According to USA Today, TIME, and a plethora of other news sources, Generation Y (to which I belong) is all about community service. We believe in doing food drives, donating blood, reading to children, participating in street cleanups, raising money for charities, and just about anything else you care to think of. We prefer working for companies that actively engage in community service, TIME says. Even more, a survey included in USA Today states that, "61% of 13 to 25-year-olds feel personally responsible for making a difference in the world."
It has also been suggested that Generation Y naturally tends toward community service — it supposedly correlates perfectly with our learned tendency toward working as a team, developed through years of sports, group projects at school, and socializing. Working for the good of society comes as naturally to us as multi-tasking (which, incidentally, isn't nearly as effective as everyone thinks).
Sounds great, right? Generation Y is here to save the day, so just sit back, relax, and enjoy the ride. Well, this wave of community service that we’re currently riding is just as much a bubble as the housing market was, and the Internet before it. It won’t be too much longer before it pops.

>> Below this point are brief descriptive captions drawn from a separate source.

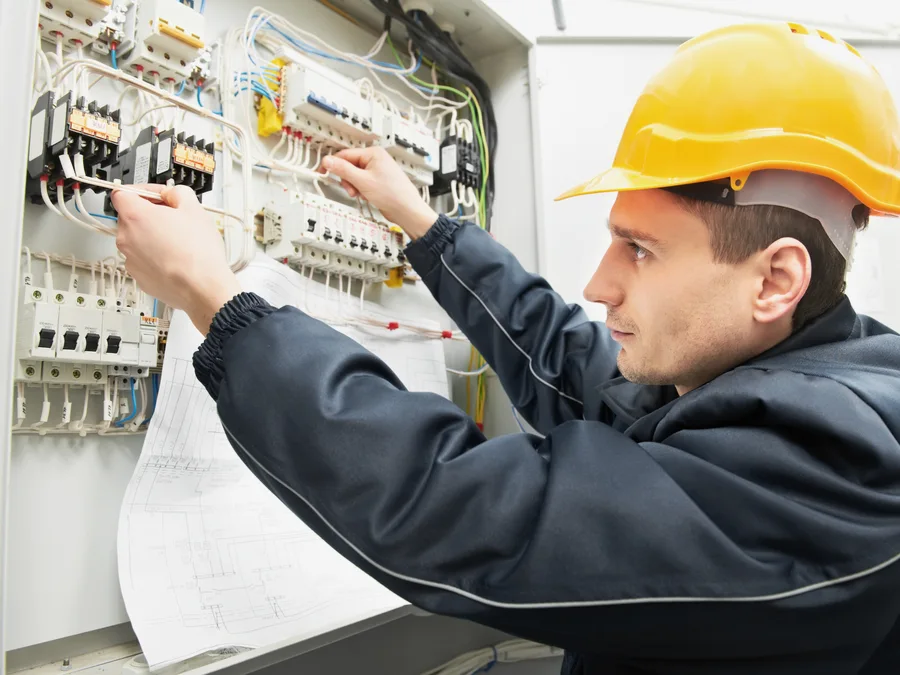 Rénovation électrique par un électricien à Paris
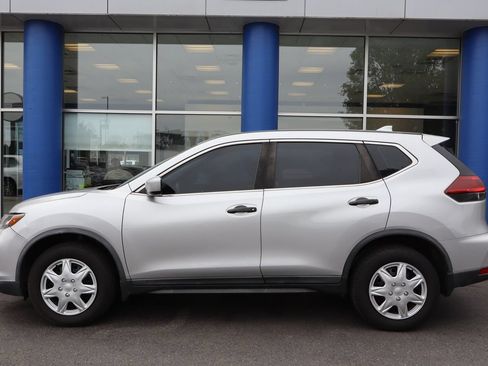 Used 2018 Nissan Rogue S AWD/4WD image 2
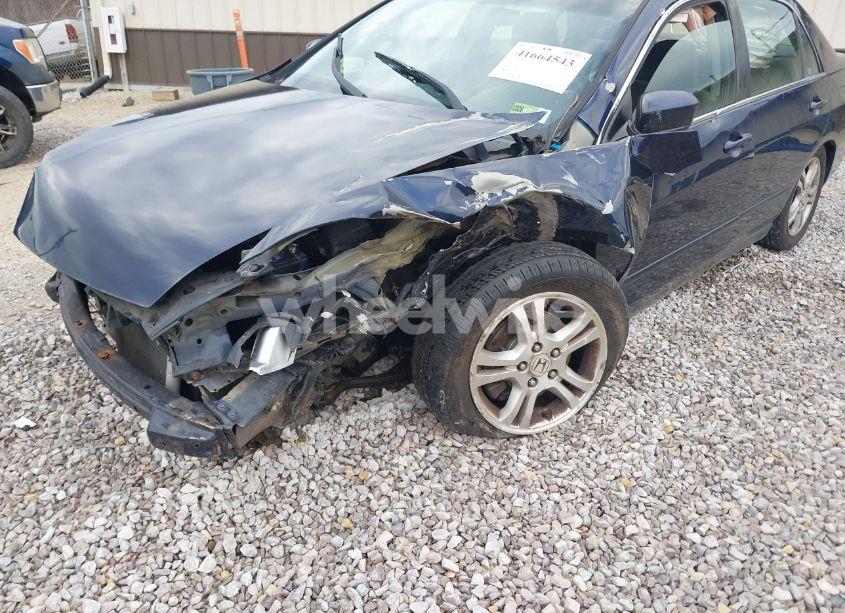 Photo 6 of 2007 Honda Accord 2.4 SE (VIN 1HGCM56387A212845)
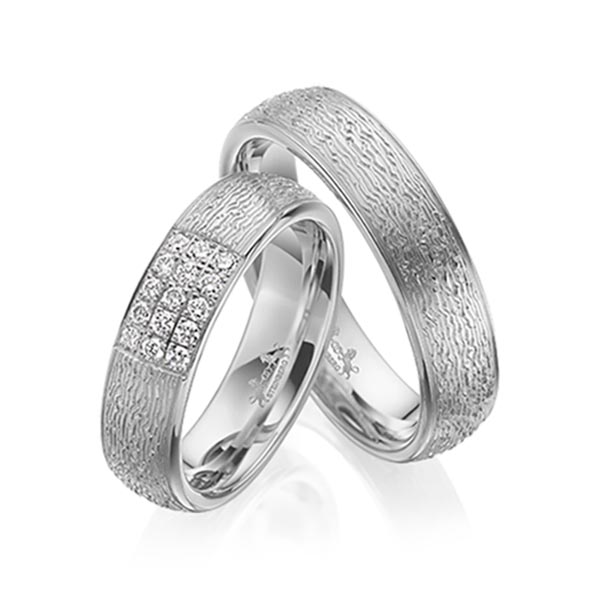 Set klassieke trouwringen in grijsgoud 14 kt. met in totaal 0,225 ct. Briljant tw/si van Steinberg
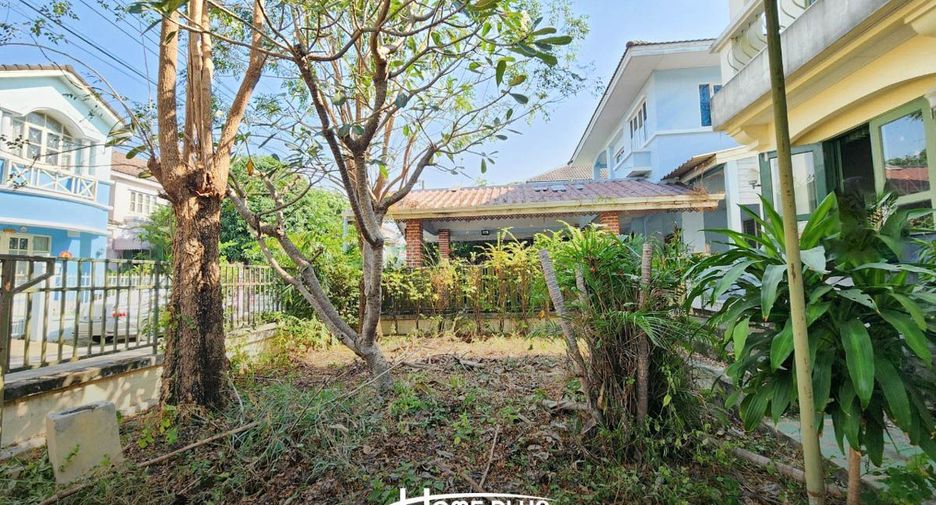 For sale 3 bedrooms house in Bang Khun Thian, Bangkok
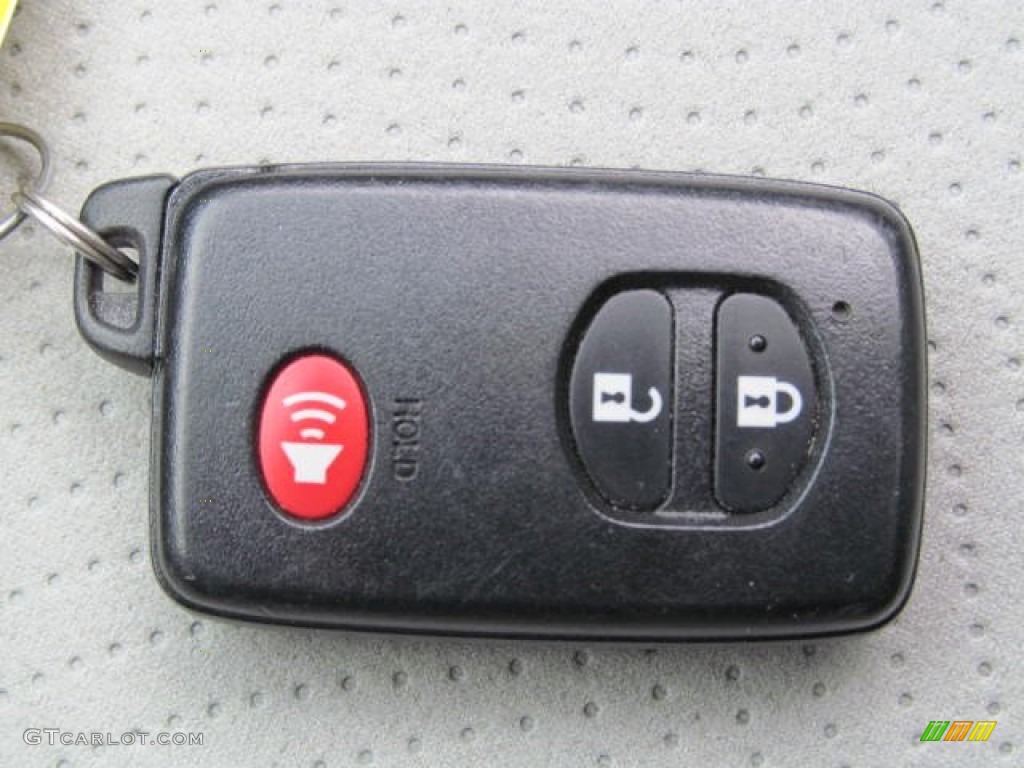 2010 Toyota Prius Hybrid II Keys Photos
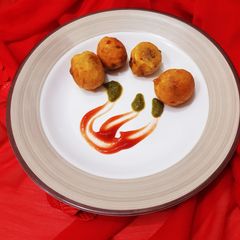 A picture of Batata vada.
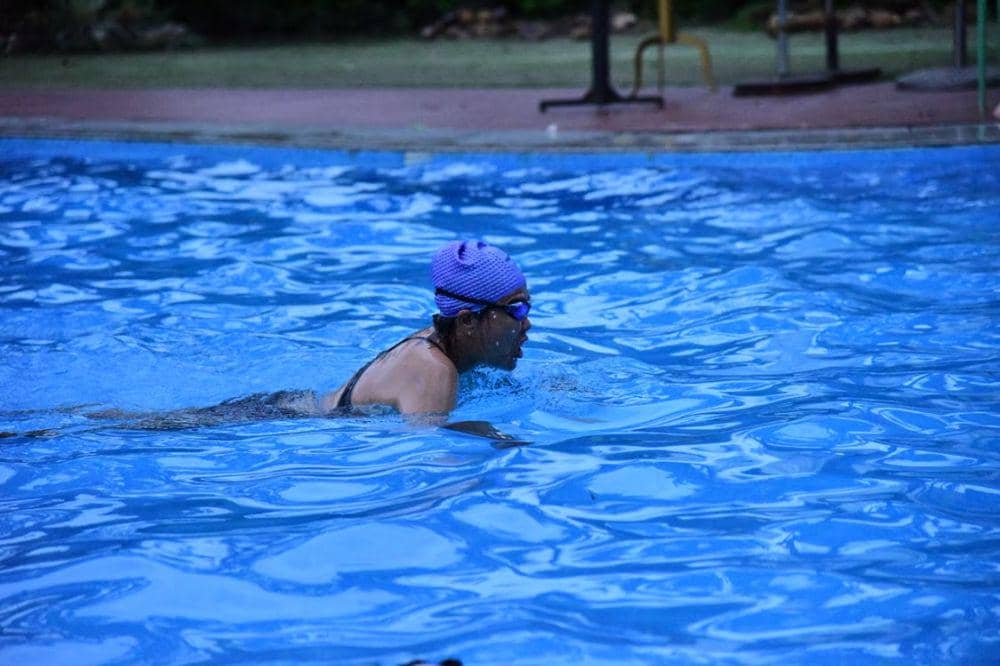 Berenang
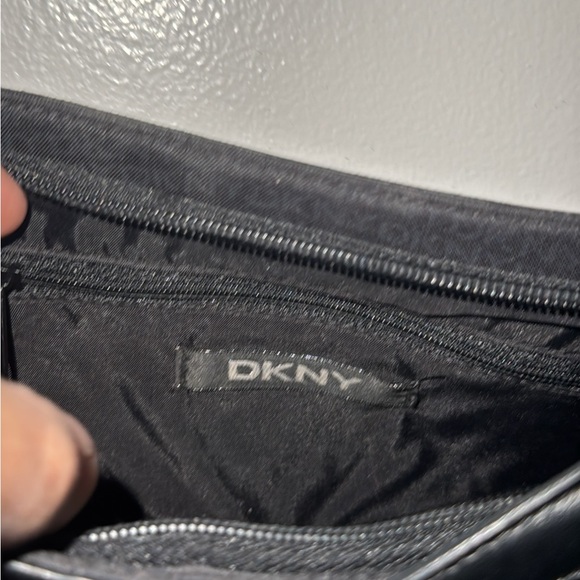 DKNY Y2K  Monogram Black Canvas & Leather Bag - Picture 5 of 5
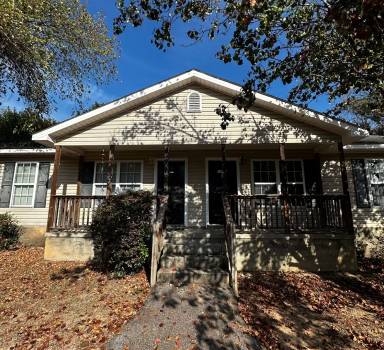 Main picture of 1998 Wrightsboro Rd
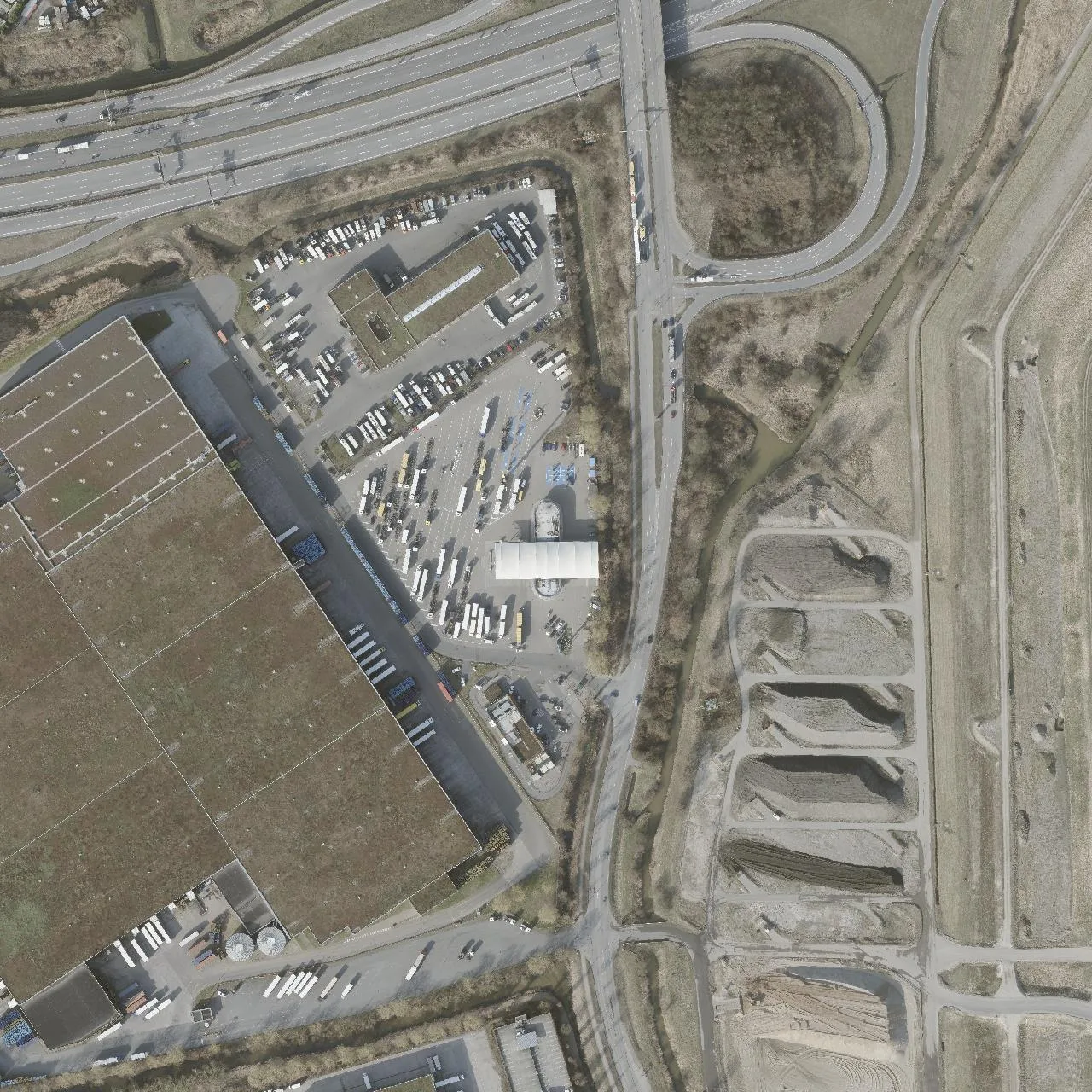 Aerial photo (orthophoto) of truck parking Tankpark Moorfleet from 2025
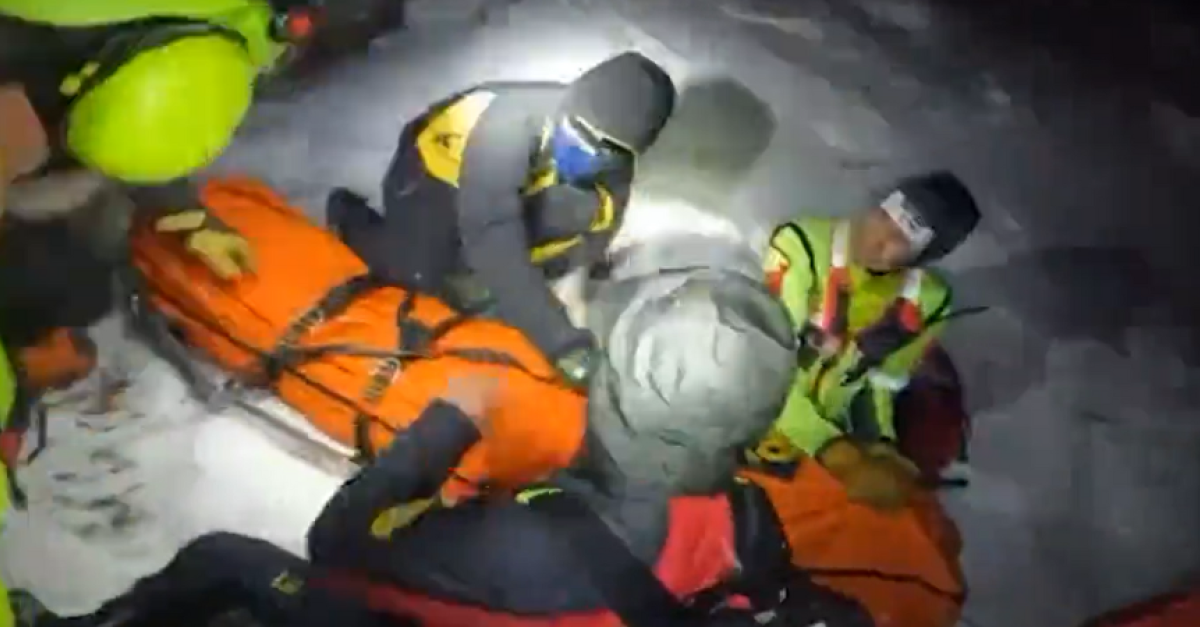 La figlia 16enne gli salva la vita dopo una rovinosa caduta in montagna ...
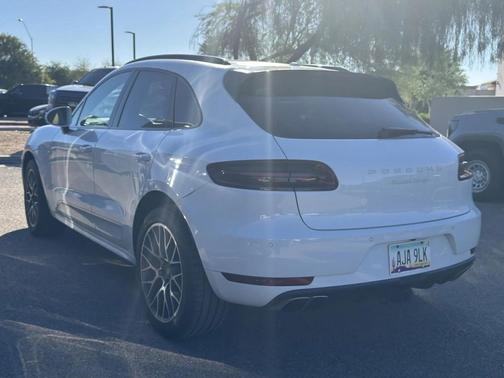 2017 Porsche Macan Turbo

First, I would submit that the above information, while encouraging, is distorted by a few factors. To start, community service has basically been required of us thus far. In my high school, there were countless service organizations, and students were practically expected to join one. There was Key Club, which performed standard community service; PAL (Peer Assistance & Leadership, if you were wondering), which helps at elementary schools; Friends, which assists with special education; the National Honor Society, which mandates community service for its members; Winner's Circle, which is anti-drug... the list goes on. I remember participating in (and dutifully recording) my community service not so much because I wanted to, but so that I could have a big, fat number to slap onto my resume for college applications. Were it not for subtle pressure from my parents, I doubt I would have accomplished even half of what I did in those four years.
One might wonder what the problem is with service that is the result of outside influence. Service is service, right? Well, here’s the rub: if we do community service out of a perceived obligation rather than desire, the number of us that still volunteer and serve will diminish as we get older. It’s so much easier to just sit and home and watch TV when (insert childhood authority figure) isn’t there guilt-tripping you into helping out.